• WORK TO COMPLETE
Lines before the one containing "A modern kitchen" are not wanted; restate the rest below word for word, through the last line, but drop any pictures.

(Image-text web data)
━━━━━━━━━━
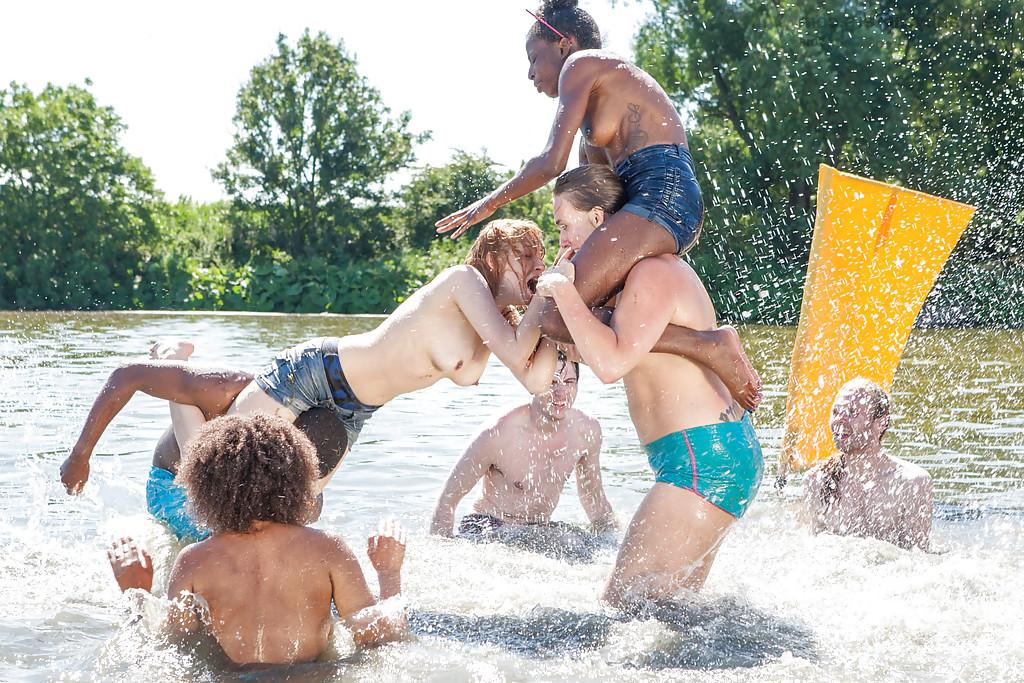 16P Amateur European boys and girls wrestle naked outdoors at the beach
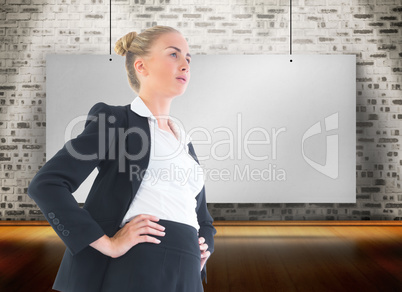 Composite image of businesswoman standing with hands on hips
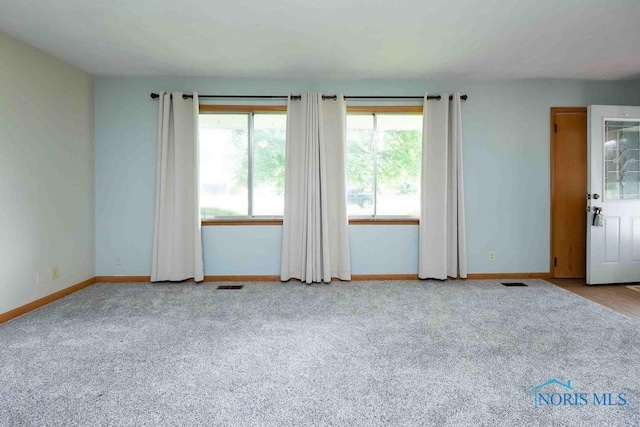 1527 Lockwood Rd, Findlay, OH 45840 - carpeted empty room with healthy amount of natural light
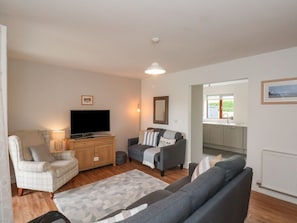 A living room with a sofa, armchair, TV, and a small dining area with a window. - Buffers: Cozy Retreat in Whitby (Whitby)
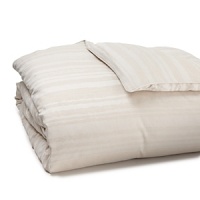 In soft ivory tones, this HUGO BOSS duvet cover creates four-season elegance with a modern linear print texturally woven in cotton jacquard. In soft ivory tones, this HUGO BOSS duvet cover creates four-season elegance with a modern linear print texturally woven in cotton jacquard.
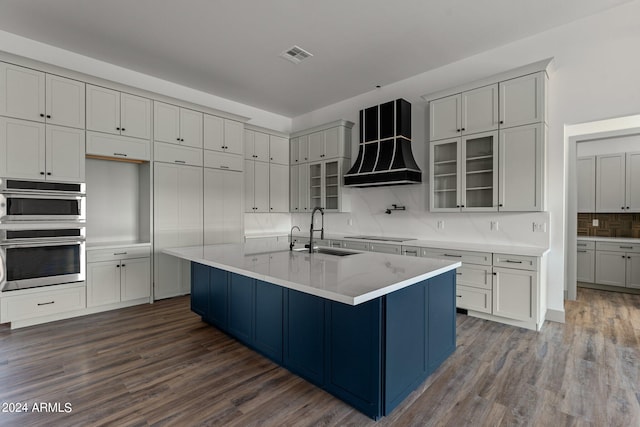 kitchen featuring decorative backsplash, custom exhaust hood, stainless steel double oven, sink, and wood-type flooring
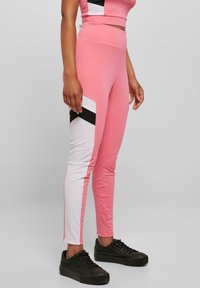 Høyhælte rosa leggings med svarte og hvite sidede detaljer, laget av elastisk materiale, tettsittende design og en jevn tekstur.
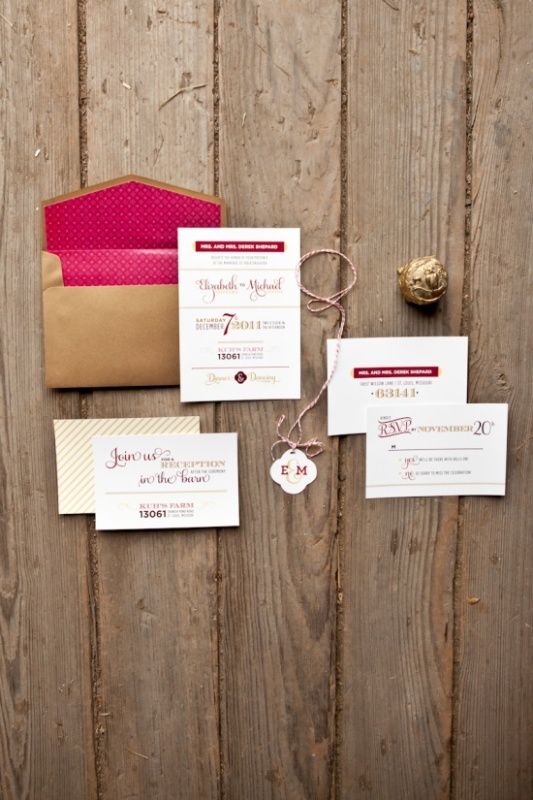 A stylish wedding invitation suite with a gold envelope and pink lining and invites done in pink, red and gold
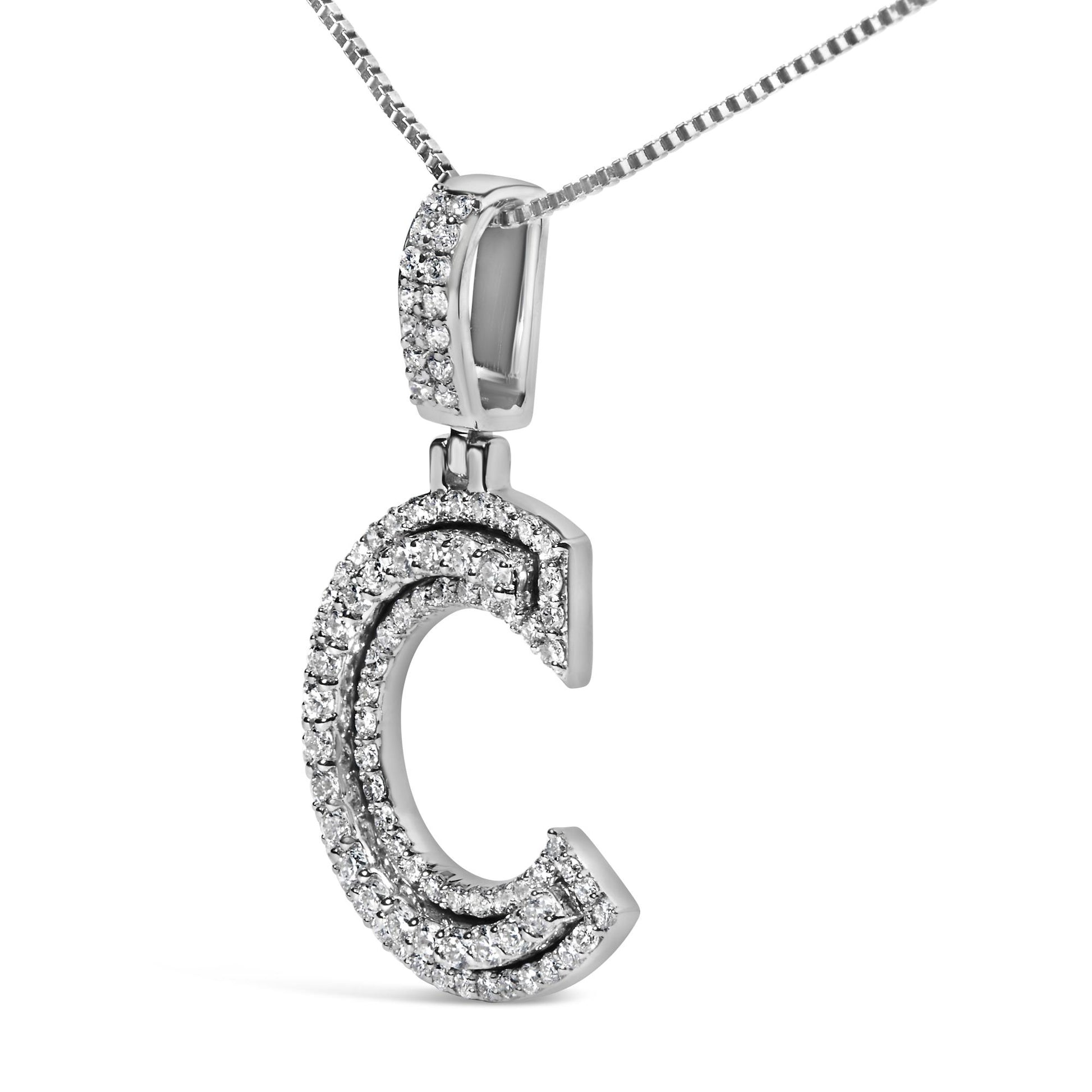 Close-up front-side angle of a white metal necklace pendant shaped like the letter C, adorned with two rows of round white gemstones in prong settings, hanging from a white metal chain.
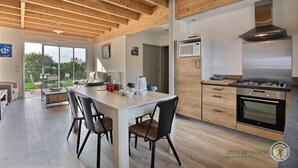 A modern kitchen with a central island, wooden cabinets, and a built-in oven.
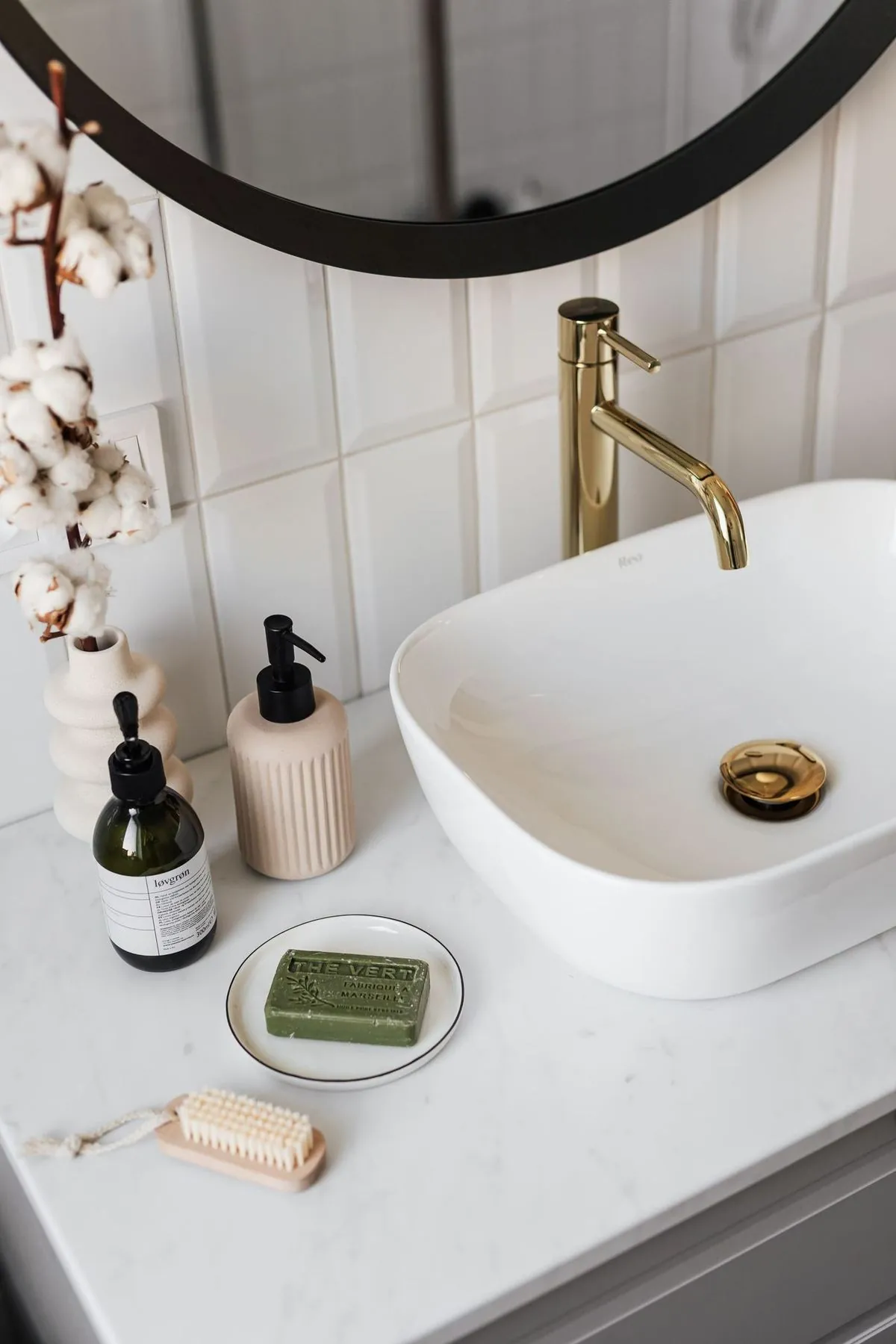 Stylish bathroom vanity featuring a ceramic sink, gold faucet, and spa-like accessories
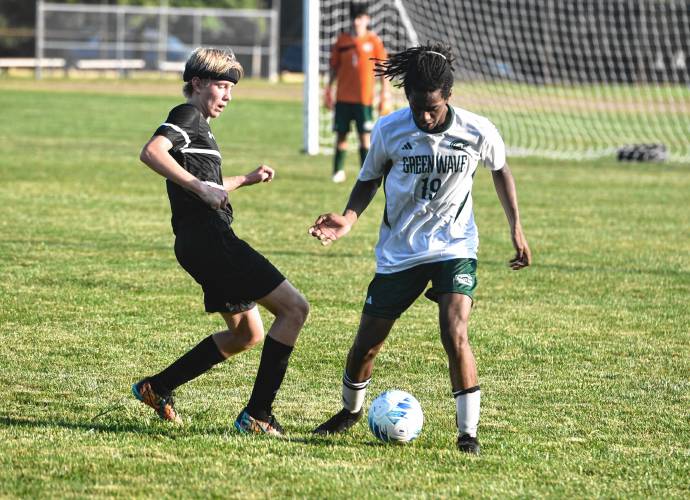 Greenfield’s Heskey Samu (19) looks to hold possesion while defended by Pioneer’s Judah Glenn (1) during the first half of action in Northfield on Wednesday.
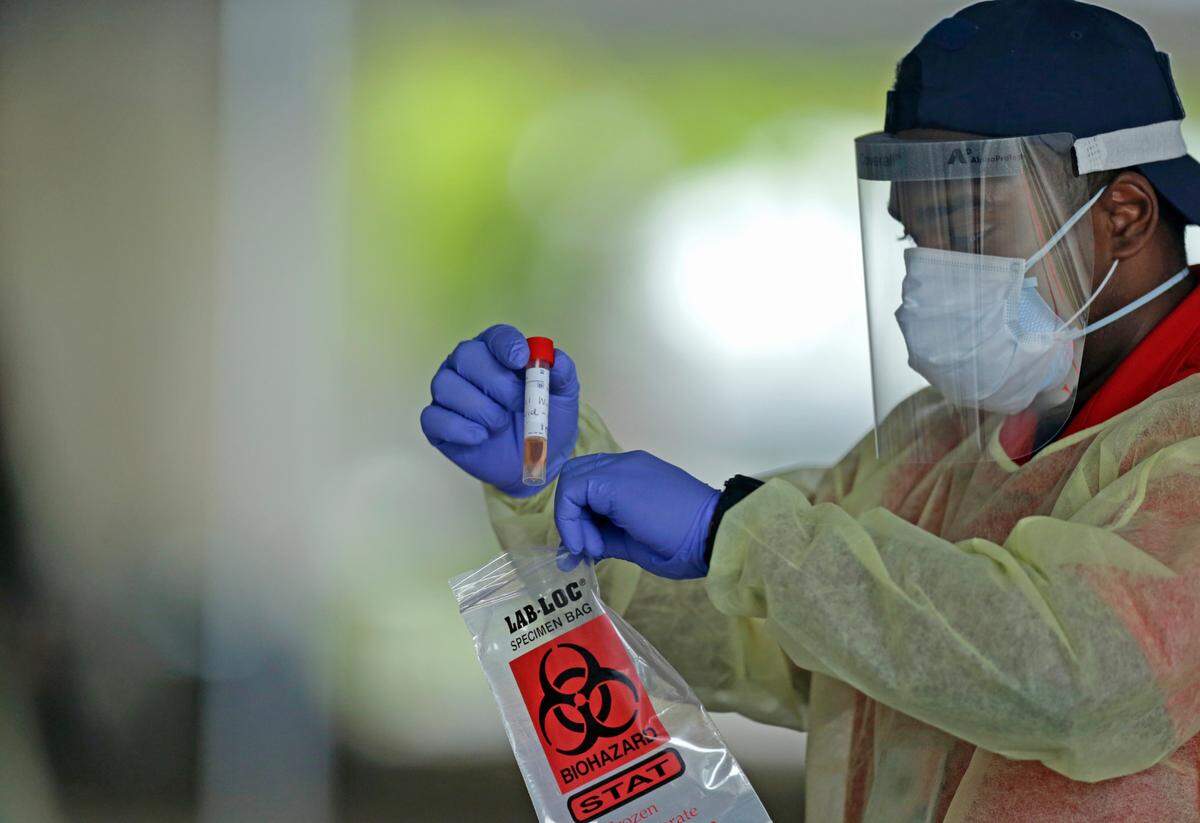 An American Medical Response health worker holds a swab test from a citizen after a test at the COVID-19 drive-thru testing center at Holiday Park, 1150 G. Harold Martin Drive in Fort Lauderdale, on Thursday, April 30, 2020.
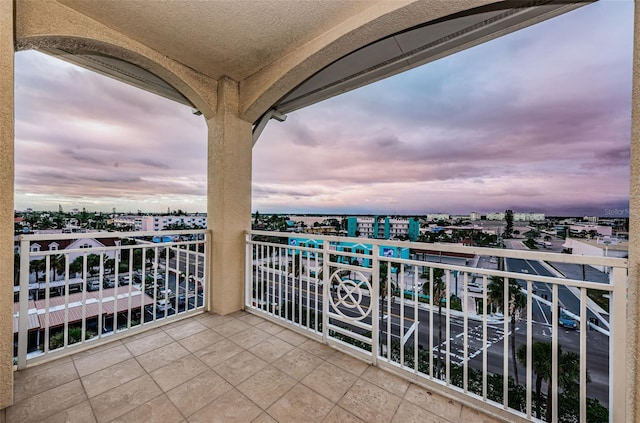 view of balcony at dusk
━━━━━━━━━━
• TASK RESULT
 A modern kitchen with a central island, wooden cabinets, and a built-in oven.
 Stylish bathroom vanity featuring a ceramic sink, gold faucet, and spa-like accessories
 Greenfield’s Heskey Samu (19) looks to hold possesion while defended by Pioneer’s Judah Glenn (1) during the first half of action in Northfield on Wednesday.
 An American Medical Response health worker holds a swab test from a citizen after a test at the COVID-19 drive-thru testing center at Holiday Park, 1150 G. Harold Martin Drive in Fort Lauderdale, on Thursday, April 30, 2020.
 view of balcony at dusk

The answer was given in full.